Tereza Batista: Home from the Wars
- First edition
- Author: Jorge Amado
- Original title: Tereza Batista cansada de guerra
- Translator: Barbara Shelby
- Language: Portuguese
- Publisher: Livraria Martins Editora S.A.
- Publication date: 1972
- Publication place: Brazil
- Published in English: 1975
- ISBN: 0-380-75468-1

= Tereza Batista: Home from the Wars =

1972 novel by Jorge Amado

Tereza Batista: Home from the Wars (Portuguese: Tereza Batista cansada de guerra) is a Brazilian modernist novel. It was written by Jorge Amado in 1972 and was published in English in 1975, with a translation by Barbara Shelby.

==Background==
Tereza Batista: Home from the Wars is one of Jorge Amado's later novels.

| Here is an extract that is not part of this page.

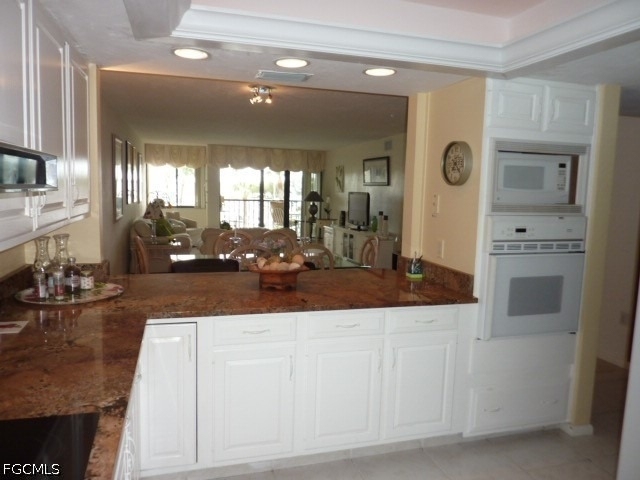 4821 S Landings Drive - Photo 16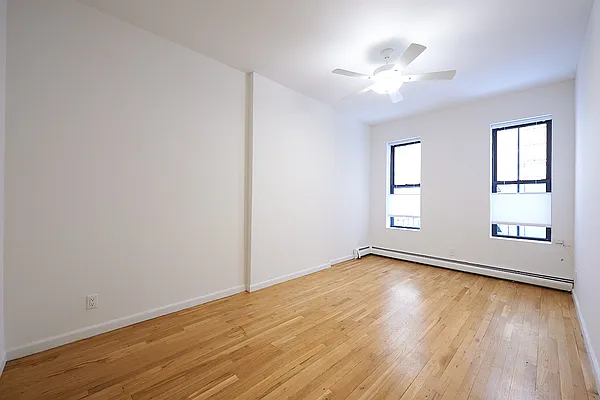 Rented by Perry Associates NYC Inc | media 10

While his earlier work provided a left-wing criticism of the economic and environmental exploitation of Brazil, the later novels, beginning with Gabriela, Clove and Cinnamon, became more of a celebration of Brazilian sensuality, accompanied by a fascination with candomblé and the religious influences brought over from Africa. Tereza Batista, the seventh novel after Gabriela, Clove and Cinnamon, is in the same vein, showing affection for the poor of Bahia together with an emphasis on prostitutes and candomblé. He continues in Tereza Batista to use oral narrative with roots in the tradition of popular poetry and folklore. The novel thus contains similarities with another earlier work, Dona Flor and Her Two Husbands and with Gabriela, Clove and Cinnamon in its treatment of love, its social critique, and the atmosphere of Salvador, together with critical portraits of the rich, contrasted with a sympathetic approach to the poor.

According to the author, Gabriela and Dona Flor are two characters with whom people easily identify; hence their popularity. "With Tereza Batista I tried to create a third image of the Brazilian woman – sensual, romantic, courageous, long-suffering, decent." However, others have observed that the precise difference between Tereza and her predecessors is open to some debate.

Tereza Batista won international fame: the headquarters of the Italian Feminist Club, an old palazzo on Via Rugabella in Milan, was named Tereza Batista House. Like several of Amado's works, the novel was turned into a Brazilian soap opera or miniseries and broadcast in 1992 on the Brazilian network Rede Globo.

The novel follows the life of Tereza, but not in chronological order. If presented chronologically, the five sections should have followed the sequence 3, 1, 4, 2 and 5. The novel thus begins with the chronological third part of Tereza's life, and proceeds to the fourth and the fifth parts, with these parts being intersected by the second and fourth parts, representing flashbacks to the earlier stages of Tereza’s life, which are also presented sequentially.

==Plot==
At thirteen Tereza is sold by her aunt to a ranch owner who treats her like a piece of property, and sexually abuses her. When caught in bed with her lover she defends herself against the ranch owner’s violence with a knife and ends up in jail. Freed by a long-time admirer, she eventually ends up in a brothel. Escaping from there she heads for Sergipe, where more troubles await her: she falls for a married man, and helps fight an outbreak of smallpox alongside the prostitutes of the small town of Buquim. She then moves to Salvador da Bahia, where she leads a movement of prostitutes, and institutes the so-called "closed-basket strike" on the night the American Navy comes to town. A happy ending is provided when her true love arrives at the church just in time to rescue her from a marriage of convenience.